- SUPPLIED MATERIAL
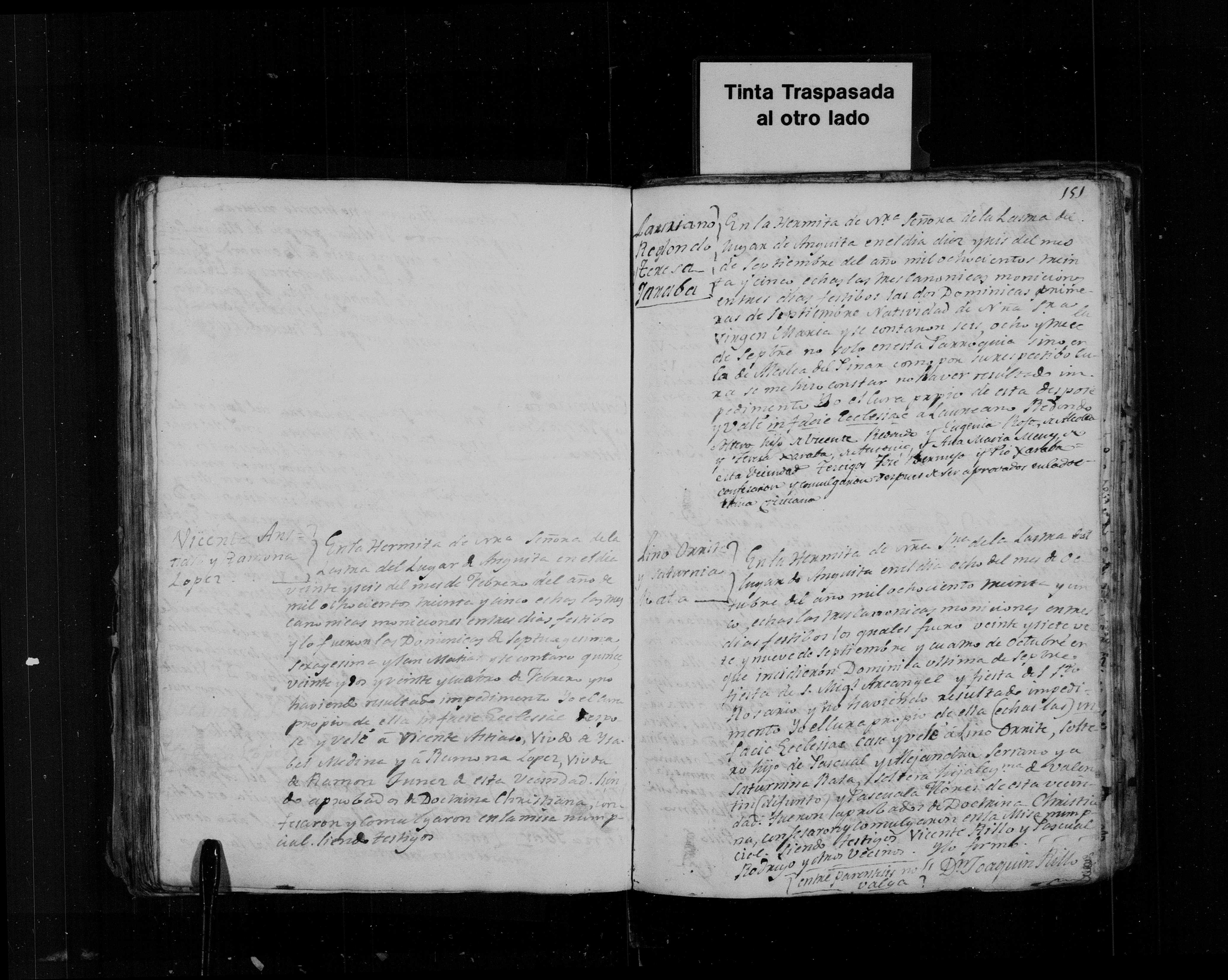 Segundas nupcias de Vicente Astiaso × Ramona López, 1835 (img. 2376, DGS 7625389)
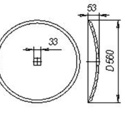Диск БДМ 560мм гладкий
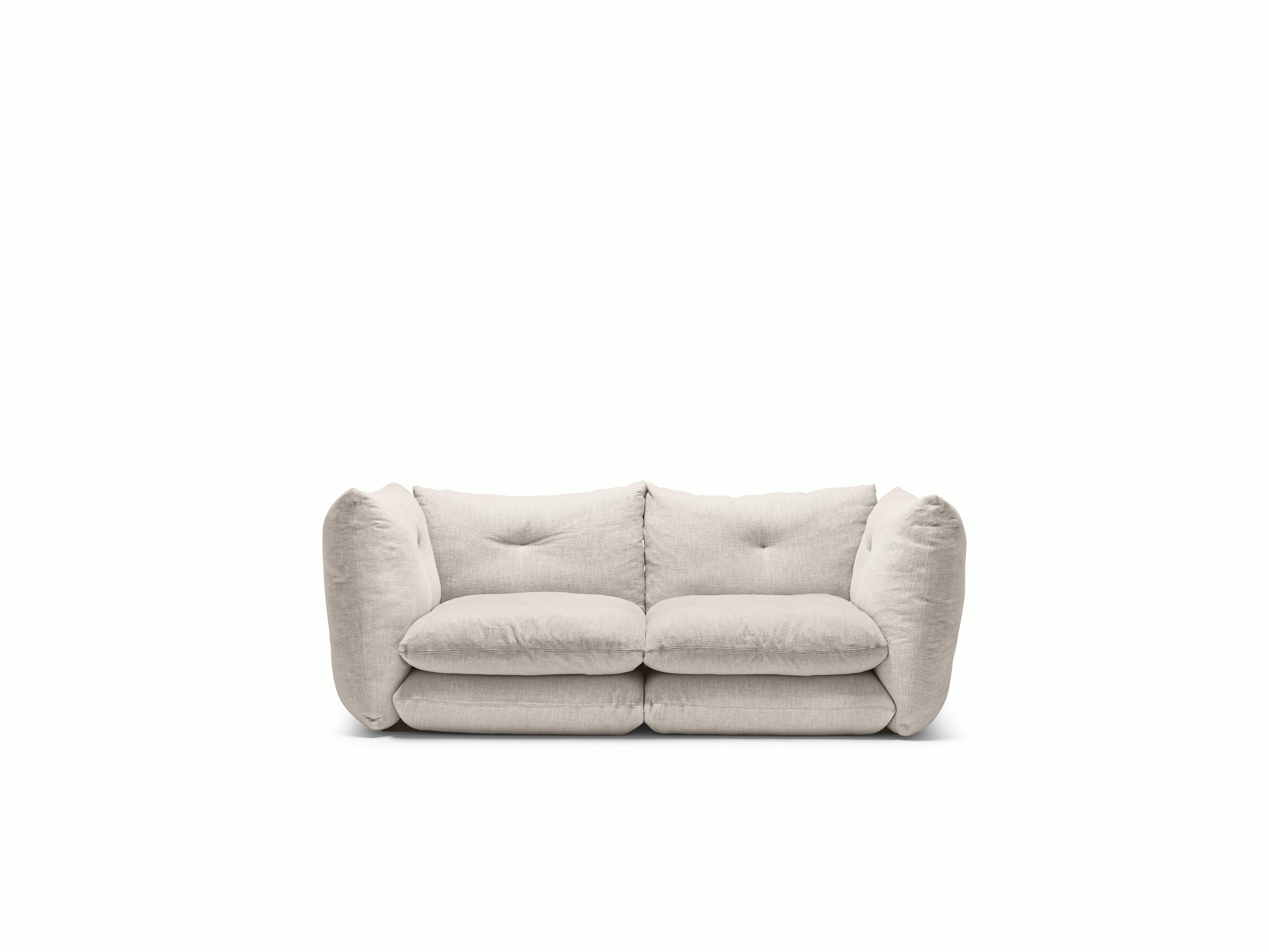 Pillo Sofa -  Two Seater,  Standard or Deep,  Haven,  Sand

- WHAT YOU ARE ASKED TO DO
A faithful, word-for-word copy of the data is needed; the pictures should not appear in it.

- REPLY TO THE TASK
 Segundas nupcias de Vicente Astiaso × Ramona López, 1835 (img. 2376, DGS 7625389)
Диск БДМ 560мм гладкий
 Pillo Sofa -  Two Seater,  Standard or Deep,  Haven,  Sand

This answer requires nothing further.